For data-intensive queries with larger scan sizes: You can enable the query isolation feature and specify a scan size threshold when you are setting up your Virtual Warehouse. The query isolation feature spawns an on-demand executor group with the estimated correct number of executors to handle the single query. The executor group is limited in size by the values you specify for the query isolation parameters.

What query isolation is best suited for🔗

Query isolation is designed for scan-heavy, data-intensive queries.
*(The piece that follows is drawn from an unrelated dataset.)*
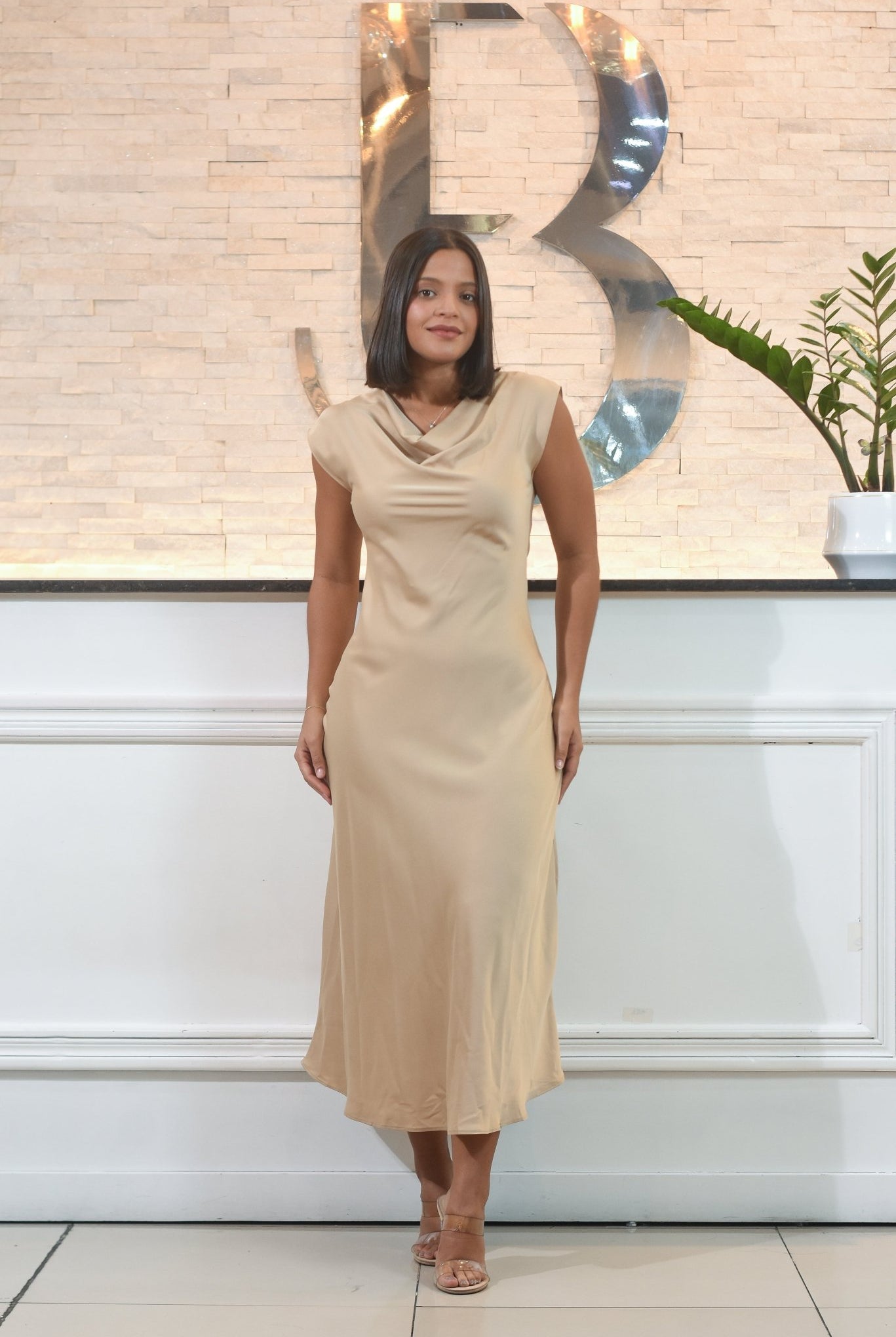 Time To Get Look Silk Dress - Bonitafashionrd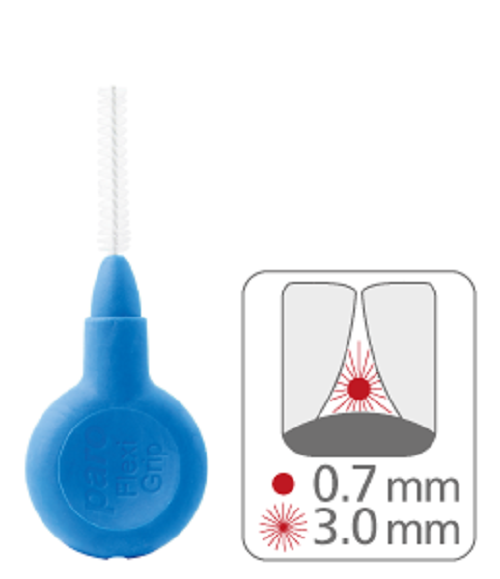 Paro Flexi grip medzobna ščetka (modra) – 3,0 mm, 4 medzobne ščetke Paro Flexi grip medzobna ščetka (modra) – 3,0 mm, 4 medzobne ščetke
How query isolation is enabled🔗

While creating or editing a Hive Virtual Warehouse, you can enable or disable query isolation and configure the following parameters:

Max Concurrent Isolated Queries (hive.query.isolation.max.queries): Sets the maximum number of isolated queries that can run concurrently in their own dedicated executor nodes or the maximum number of queries that can spawn dedicated executor groups at one time. Select this number based on the scan size of the data for your average scan-heavy, data-intensive query. For example, if Max Concurrent Isolated Queries is set to 3 and a dedicated executor group is spawned for each data-intensive query, only 3 dedicated executor groups can be running at one time. If another data-intensive query is received, it must wait in a queue to run.
Max Nodes Per Isolated Query (hive.query.isolation.max.nodes.per.query): Sets how many executor nodes can be created for each isolated data-intensive query.

Enabling or disabling query isolation for Hive Virtual Warehouses

How the default scan size threshold is determined🔗

To determine the default scan size threshold (hive.query.isolation.scan.size.threshold), you need to calculate a threshold based on your Virtual Warehouse T-shirt size, and then set the default scan size parameter accordingly.
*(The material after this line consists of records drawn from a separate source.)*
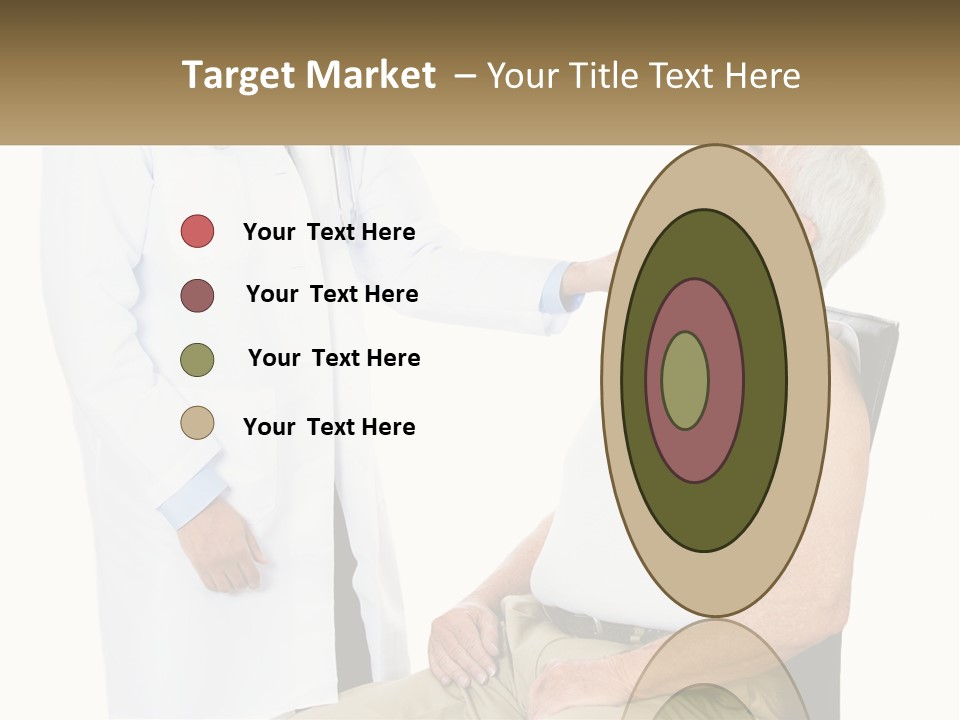 A Doctor Examining A Patient's Chest With A Stethoscope PowerPoint Template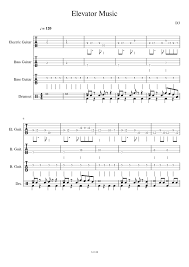 Great discussions are par for the course here on lifehacker. Elevator Music Sheet Music For Drum Group Guitar Bass Mixed Quartet Download And Print In Pdf Or Midi Free Sheet Music Musescore Com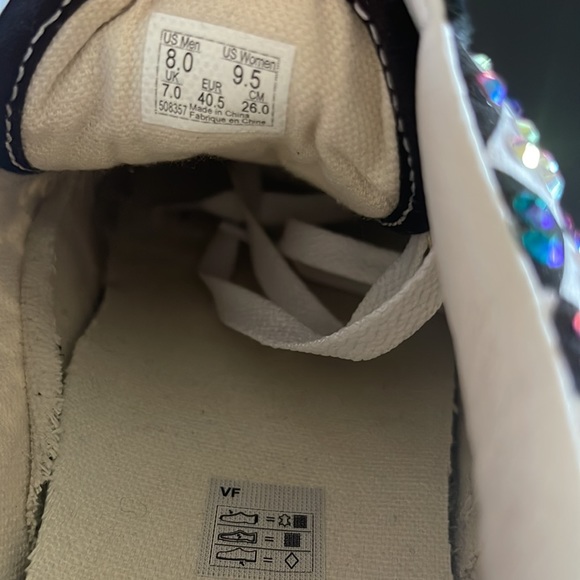 Vans Old Skool Primary Check with Custom Crystals - Picture 11 of 12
Multiply the executors in your Virtual Warehouse core executor group by the default data cache size. For example, for a MEDIUM-sized Virtual Warehouse, which has 20 executors, you set the scan size threshold to 20 x 200GB = 4TB.
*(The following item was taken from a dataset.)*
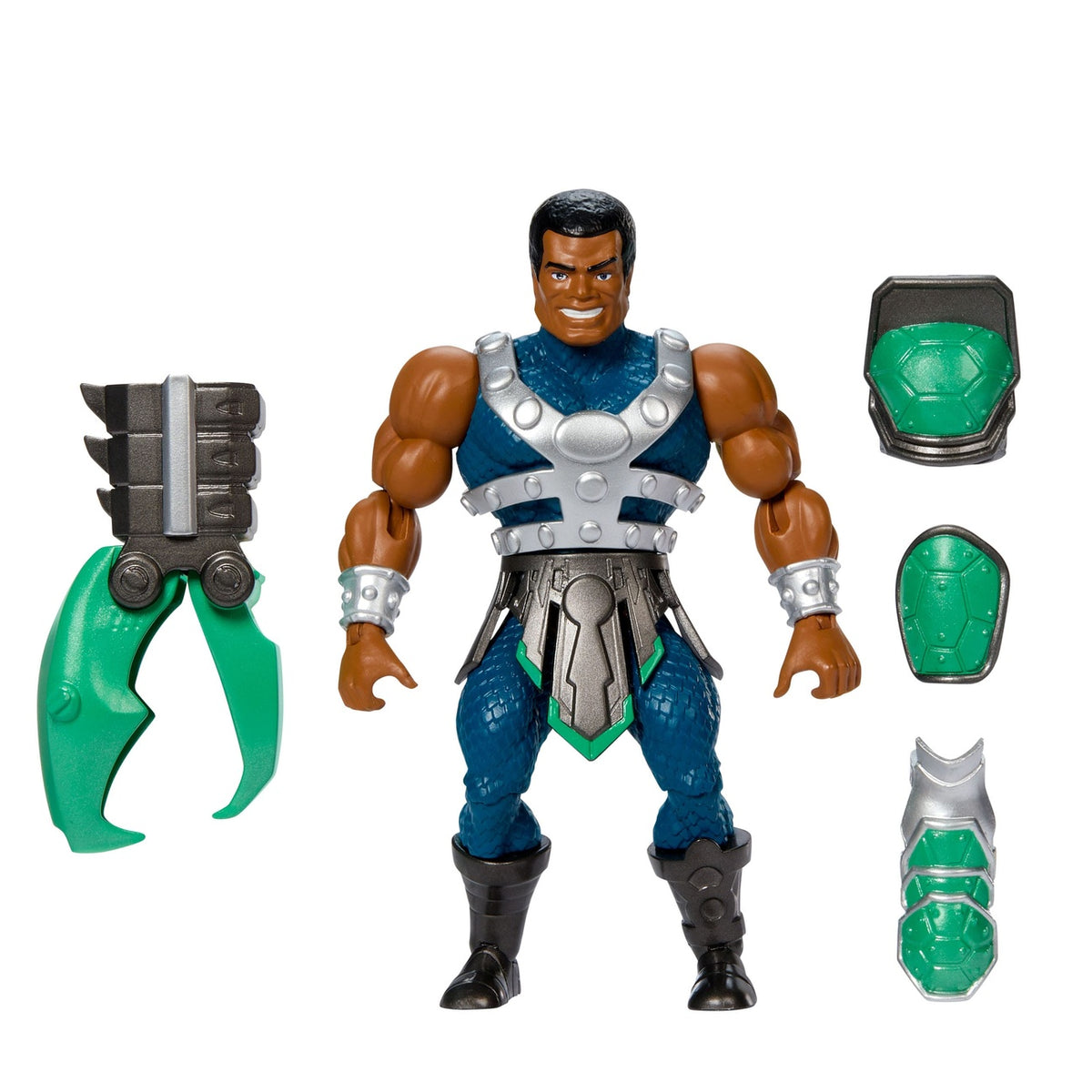 Imagen del producto MOTU x TMNT: Turtles of Grayskull figura de acción Clamp Champ 14 cm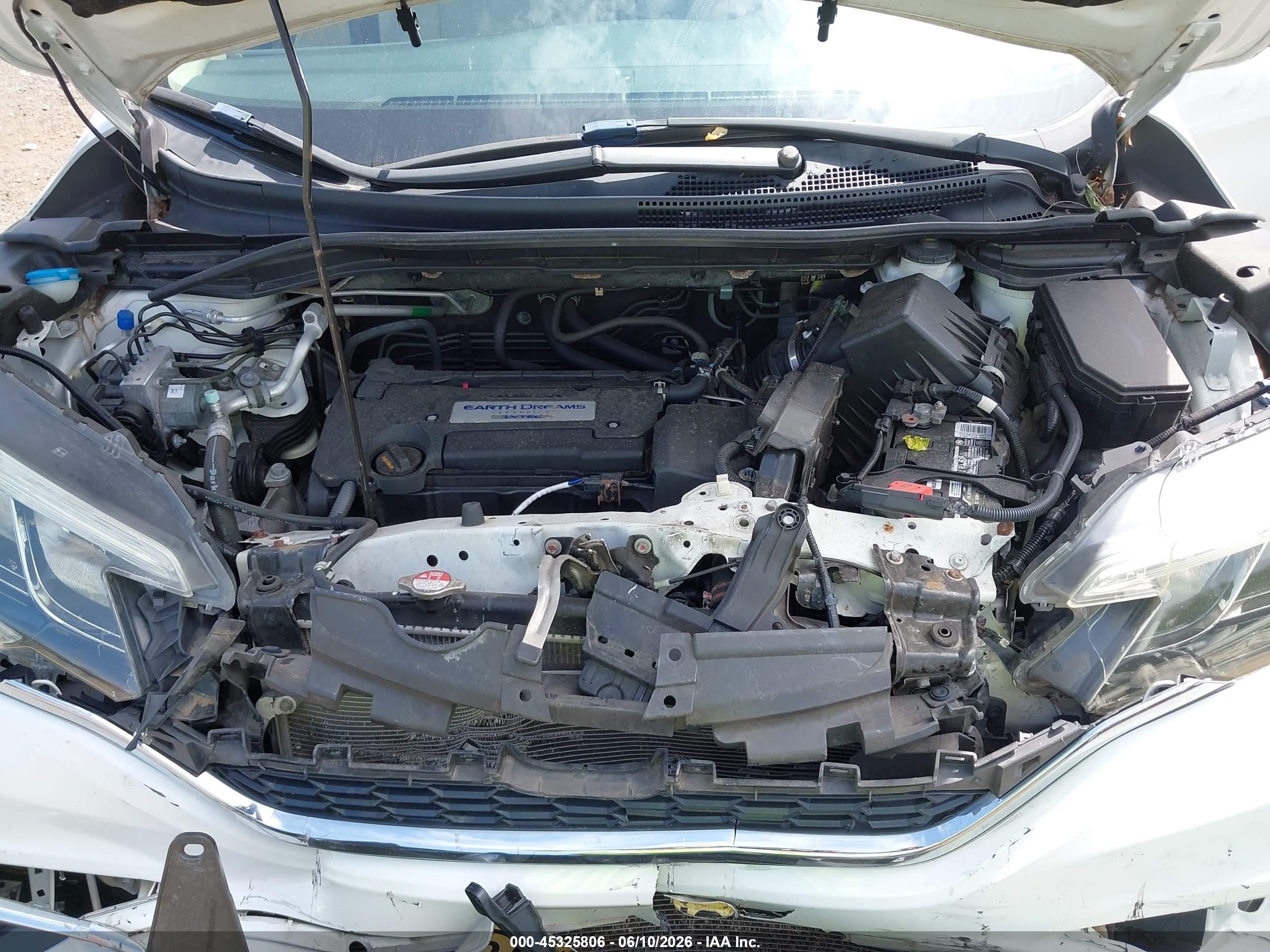 2015 Honda Cr-v Ex White vin: 5J6RM3H54FL006690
Any query that scans more than 4TB of data runs in isolation, the number of executors spawned to run the query does not exceed the default setting for the hive.query.isolation.max.nodes.per.query parameter, which defaults to 2 times the T-shirt size. For a MEDIUM-sized Virtual Warehouse, which has 20 executors, 40 executors (2 x 20) are spawned to run the isolated query.

When the isolated query is running, if HiveServer receives another query, which scans less than 4 TB of data, the planner runs that query in the core executor group and does not spawn an isolated executor group to run it. If there is capacity in the core executor group, the query runs immediately or concurrency auto-scaling provisions more capacity in the core executor group.

Assuming the original data-intensive "scan-heavy" isolated query is still running, if HiveServer receives an additional "scan-heavy" query, which scans more than 4 TB of data, another isolated executor group is spawned to run the additional query. However, if two additional "scan-heavy" queries are received, unless the default value (2) is changed for the hive.query.isolation.max.queries parameter, one scan-heavy query runs, while the other is queued until execution of one of the other isolated queries is complete.

For more information about setting the default scan size threshold, see Tuning Hive Virtual Warehouses.

How the scan size threshold for Hive query isolation is set🔗

Query Isolation enables your Virtual Warehouse to determine, based on the value you set for the hive.query.isolation.scan.size.threshold configuration parameter, whether to spawn dedicated nodes to run scan-heavy, data-intensive queries. You can set this threshold parameter in the Virtual Warehouses page as follows:

Log in to the Cloudera Data Warehouse service as DWAdmin.
Go to Virtual Warehouse > > Edit > CONFIGURATIONS > Hiveserver2 and select hive-site from the Configuration files drop-down menu.
Specify the value for the hive.query.isolation.scan.size.threshold parameter in the VALUE text box in storage units. For example, 400 GB.
Click Apply Changes.